Pakistan is eyeing an increase in oilseed cultivation as a strategic move to curb its heavy dependence on edible oil imports. The annual consumption of edible oil in the country stands at approximately 5 million tonnes, yet due to the limited local market potential for oilseeds, farmers have been less inclined to cultivate them. This has led to the country importing about 89 percent of its edible oil requirement, incurring an annual expense of $3.6 billion.

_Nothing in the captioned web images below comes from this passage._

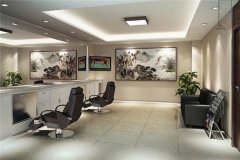 七大办公室风水知识禁忌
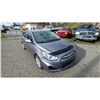 Image 5 : DUNCAN - 2014 HYUNDAI ACCENT GREY 232845 KMS - D150027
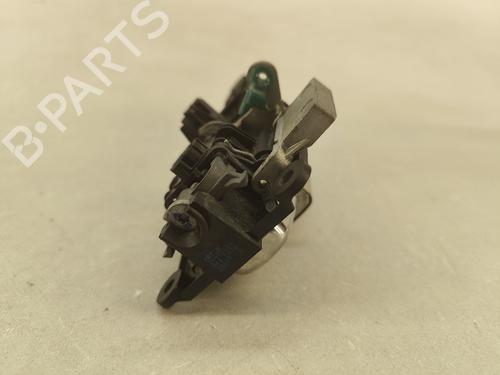 Front right exterior door handle OPEL TIGRA TwinTop (X04) 1.8 (R97) | BP25792830C129 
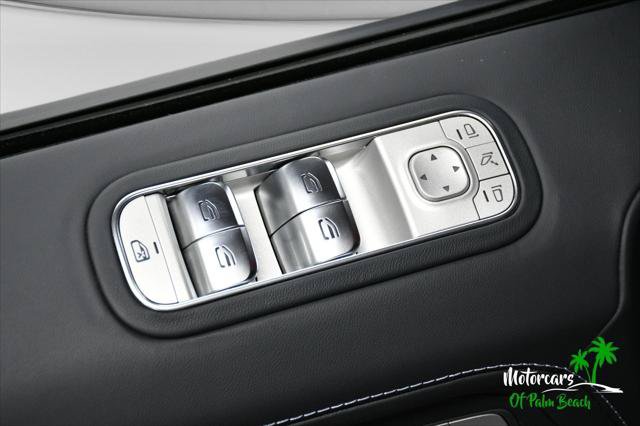 Used 2025 Mercedes-Benz G 63 AMG 4MATIC image 32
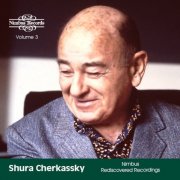 Shura Cherkassky - Shura Cherkassky Rediscovered, Vol. 3 (2026) [Hi-Res]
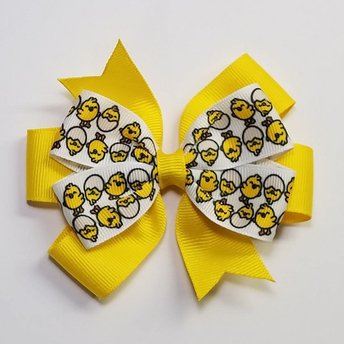 3.5" Baby Chick 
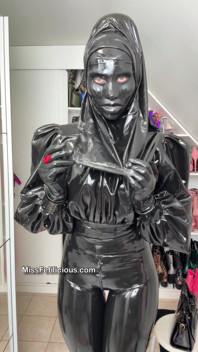 Latex Layers
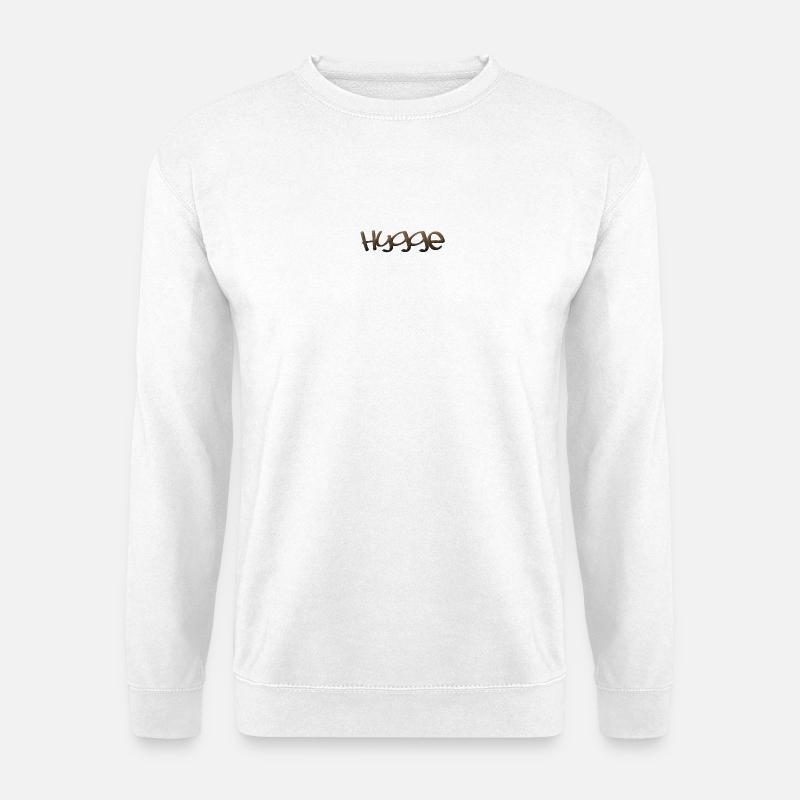 hygge - Unisex Pullover - Weiß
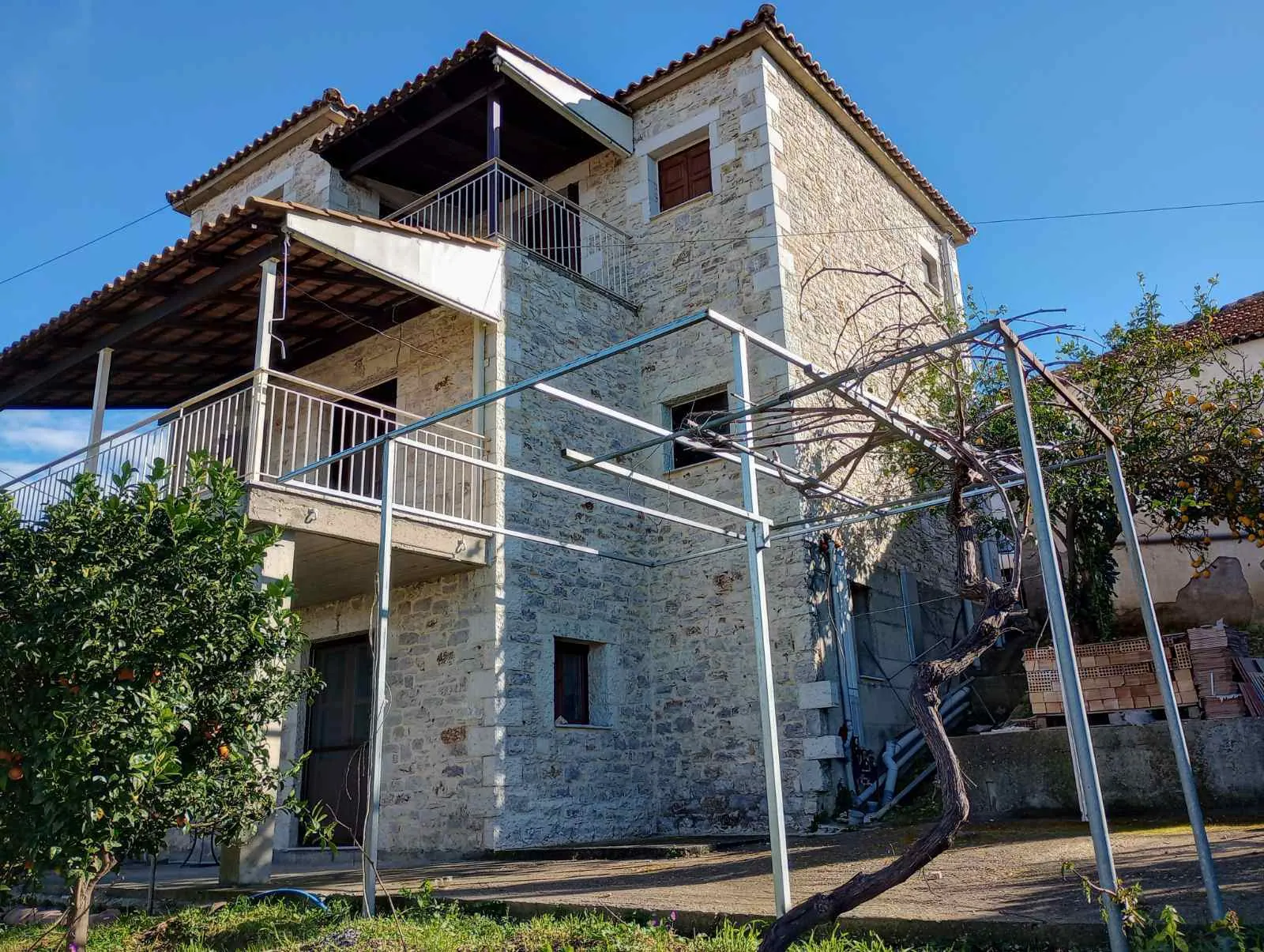 Villa 153 m² in Peloponnese - 6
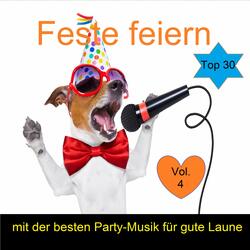 Wir woll'n mal wieder tanzen gehn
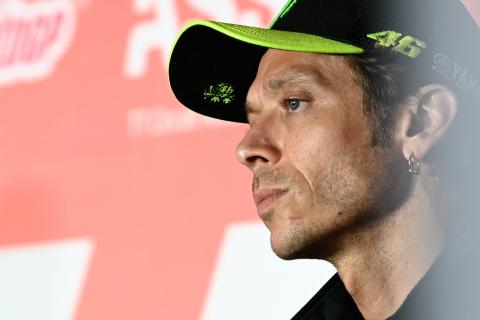 Ducati turning point identified after Valentino Rossi “failure”
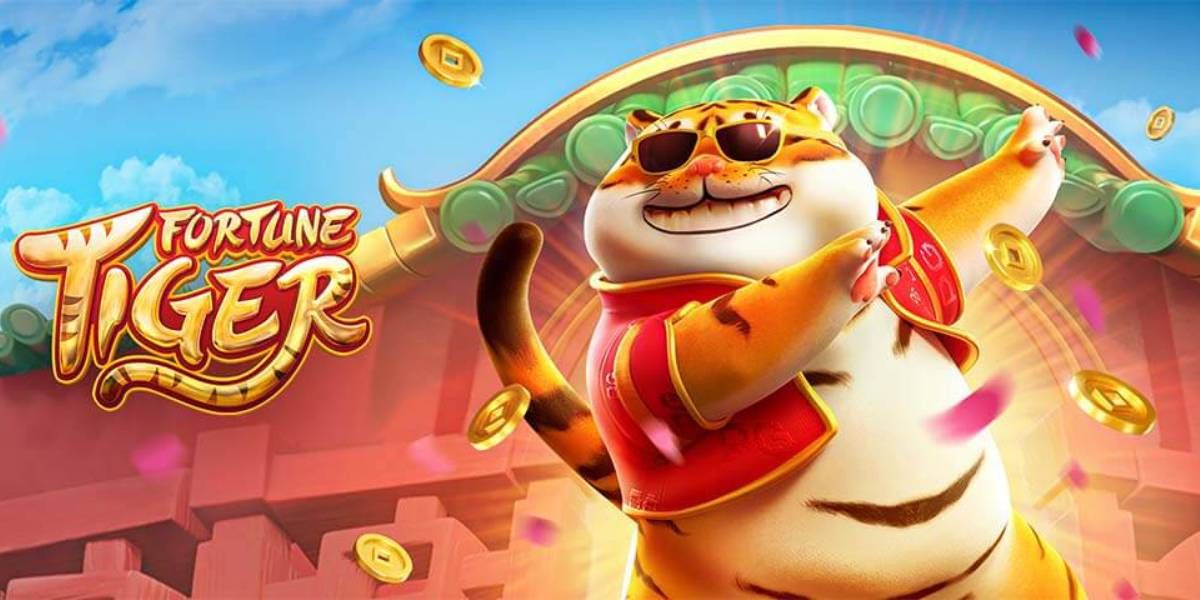 มาร่วมส่งท้ายปีเสือไปกับ “FORTUNE TIGER”!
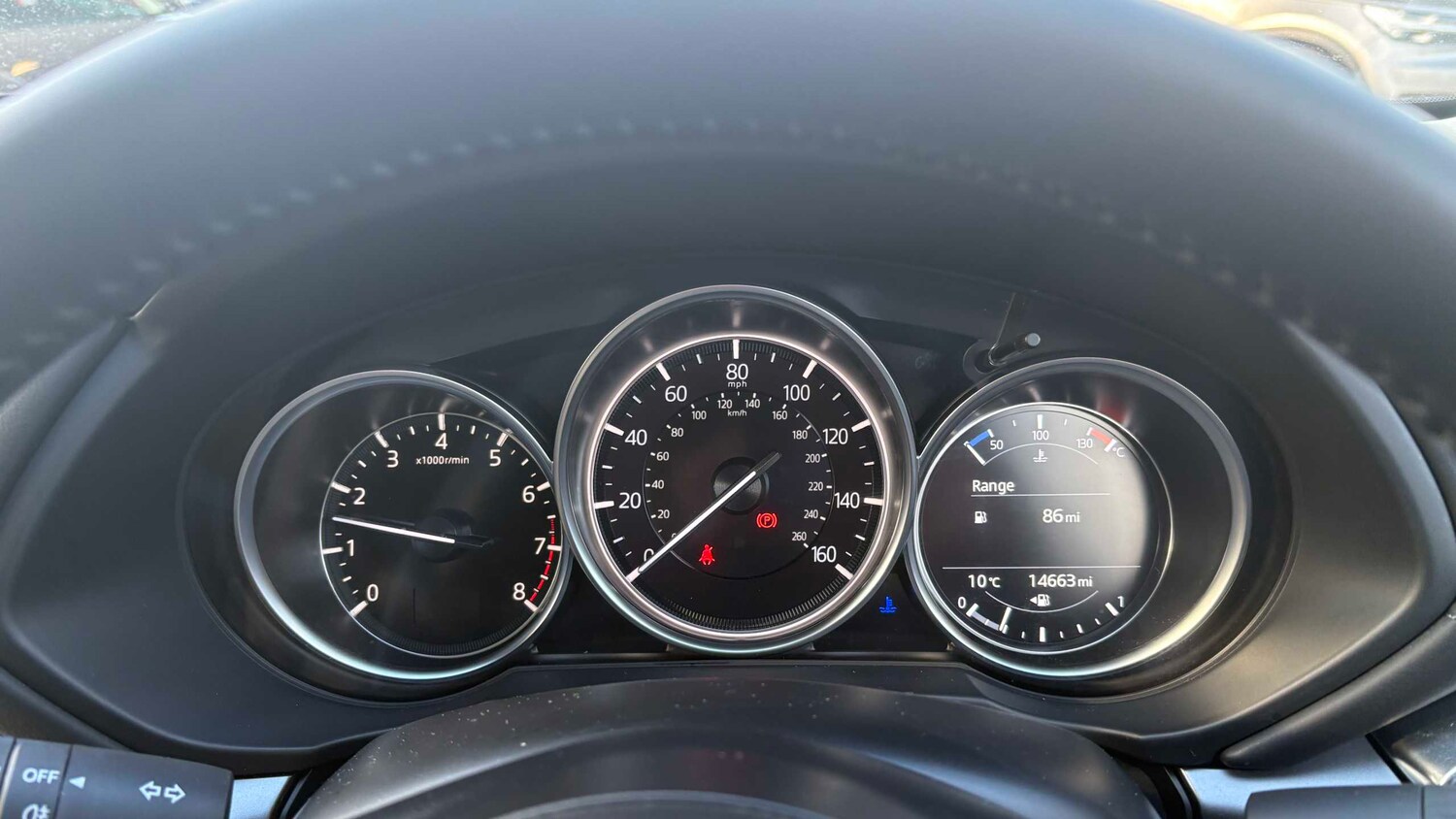 Used Mazda CX-5 for sale - 77860290: Photo 11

Speaking at a consultative meeting focused on promoting oilseeds cultivation, Iftikhar Ali Sahoo, Secretary of the Agriculture Department of Punjab, highlighted the rising global demand for oilseeds. He stated, “By increasing the area under cultivation of oil products, we can not only fulfil our own needs of edible oil, but also possibly earn a lot of foreign exchange.”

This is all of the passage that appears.